In 1980, when Letty Russell organized a group of women students to plan the first Women’s Re-Union to commemorate 50 years of women at YDS, we all agreed that Joan should be the closing-service preacher, even though we all knew she hated to preach. The organizers also agreed that I should be the one to talk her into it. “She’ll listen to you,” Letty said. “Don’t let us down.”

As it turned out, I was the one who needed to listen. Over dinner one cold January night, I presented Joan with all the reasons we needed her to preach. She was a role model. She spanned generations of YDS women. She had first-hand experience of balancing ministry and family life. She had witnessed the connection between racism and sexism. We all supported her and wanted her to do it. Personally, I needed not to fail in this most important task.

Silent Truths

Joan listened. She suggested other women as possibilities. She asked why we needed a preacher at all. She recommended Quaker silence. After I’d answered her questions, she was silent for some time. She turned her wine glass around and around on the table. Finally she spoke and I listened.

“I don’t have any more words to offer, Talitha,” she said. “The last 10 years have been filled with so many challenges and so much change, I don’t have anything to say.”

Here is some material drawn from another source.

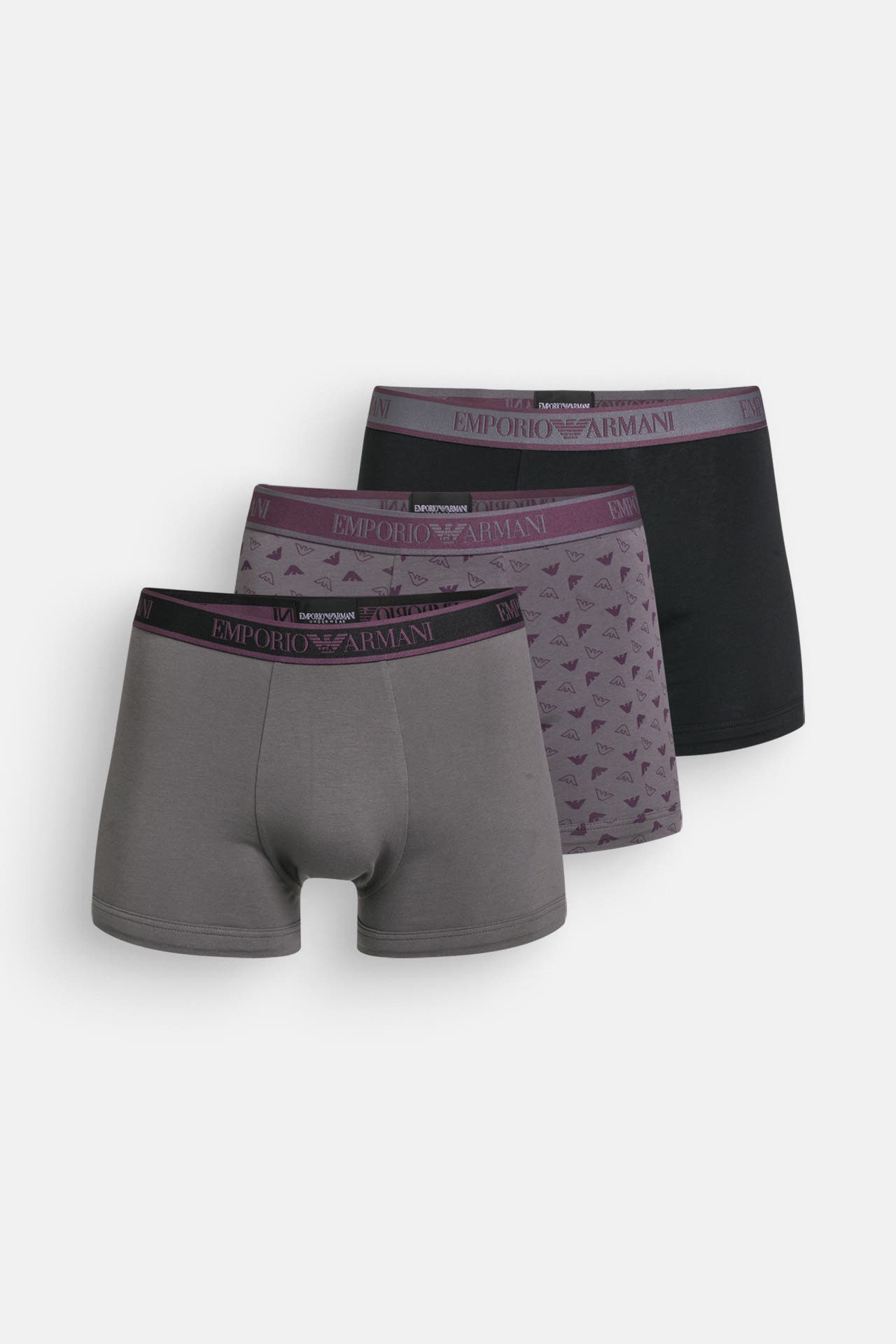 EMPORIO ARMANI 3er-Pack Boxer Trunks mehrfarbig, Bild 1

“I feel silenced,” she continued, “not by church doctrine as so many women have been and continue to be, but silenced by my own life. I have no words to offer, no courage or insight. Only silence – and you can’t preach that.”

Joan and I sat in that silence for a long time. What do you say when the person who has been your role model tells you she has no more words? You honor the silence.

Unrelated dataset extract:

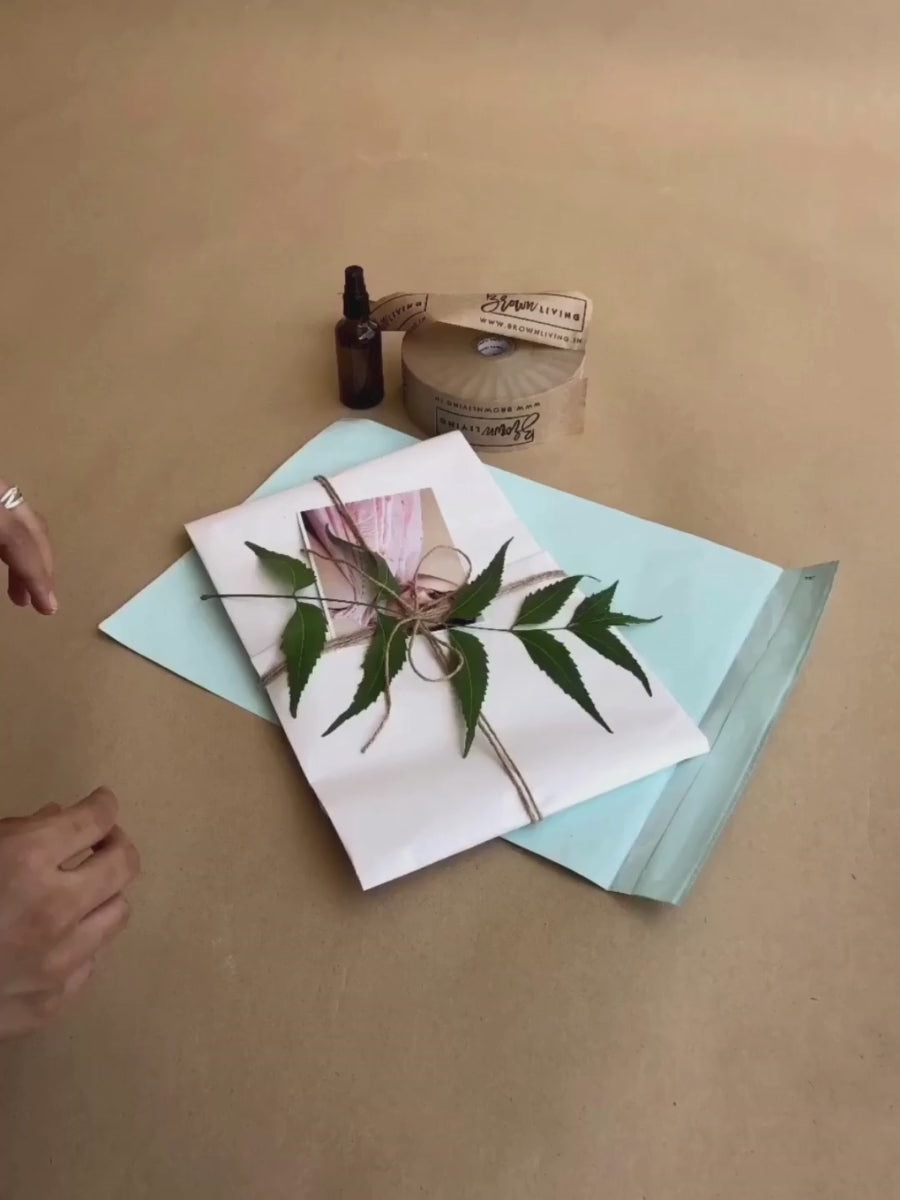 Load video: Plastic Free Packaging with Brown Living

Finally I said, “Joan, I think that is what all of us need to hear. We need to know the truth about the silence. We need to hear you name what can happen in ministry. We need to hear that truth from you.”

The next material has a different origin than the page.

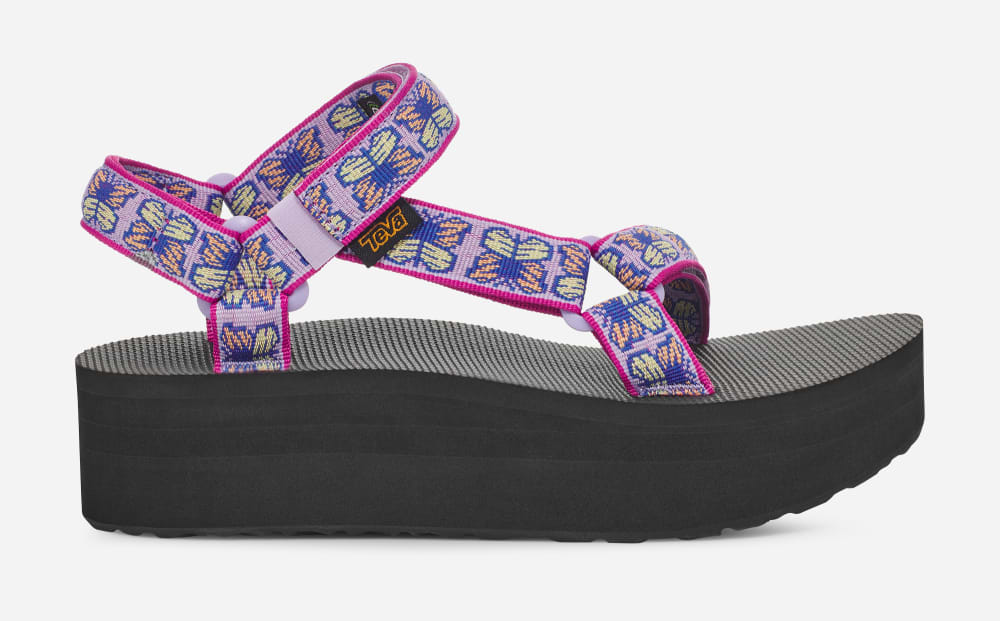 Purple Teva Flatform Universal Women\'s Platform Sandals | Ireland-1807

And that’s what she preached. In her sermon for the closing service, Joan recalled the story of Zechariah who was silenced by Archangel Gabriel at the annunciation of John the Baptist. Like Zechariah, Joan observed, we too can be silenced by the events in our lives, struck mute when changes come too quickly and our images of God or ourselves no longer hold true. Ironically, she continued, it is often at those times when we have nothing to say to others or ourselves, that another will appear at our door to ask for a word – to counsel, preach, or advise.

When faced with such silence, Joan asked that we not speak empty words or deride ourselves for our lack of eloquence. She urged that we listen to the silence and hear the Word from others – through Scripture or music, prayer or meditation, the sharing of bread and cup around the table. She asked us to trust that God’s spirit was still with us, as it had been for Zechariah, and that it would still bring new life.

As a woman in ministry for almost 40 years, I have known such silences. You probably have, too. They’ve come after national tragedies like 9/11, Sandy Hook, Emmanuel A.M.E., and El Paso. They’ve come, too, after the death of a parent, the ending of a relationship, the loss of a friend. Sometimes the silence has come more slowly, when the church that a student prepared for no longer exists or the language of the faith is no longer spoken by the culture.

In such times, may we remember Joan’s wisdom to honor the silence and wait for the Spirit. May we, like she, also nurture a faith that puts down roots deep enough to wrap around the ageless rocks of love for God and love for neighbor.

Talitha Arnold ’80 M.Div. has been the pastor of United Church of Santa Fe, NM, since 1987. A past winner of the United Church of Christ’s Antoinette Brown Award for Outstanding Clergywoman, she is the author of Worship for Vital Congregations (Pilgrim Press, 2007).

Note

1 Quotations from Joan Forsberg in this article are based on remarks she made to the author during a series of conversations that stretch back across nearly 40 years of friendship, and as recently as this summer.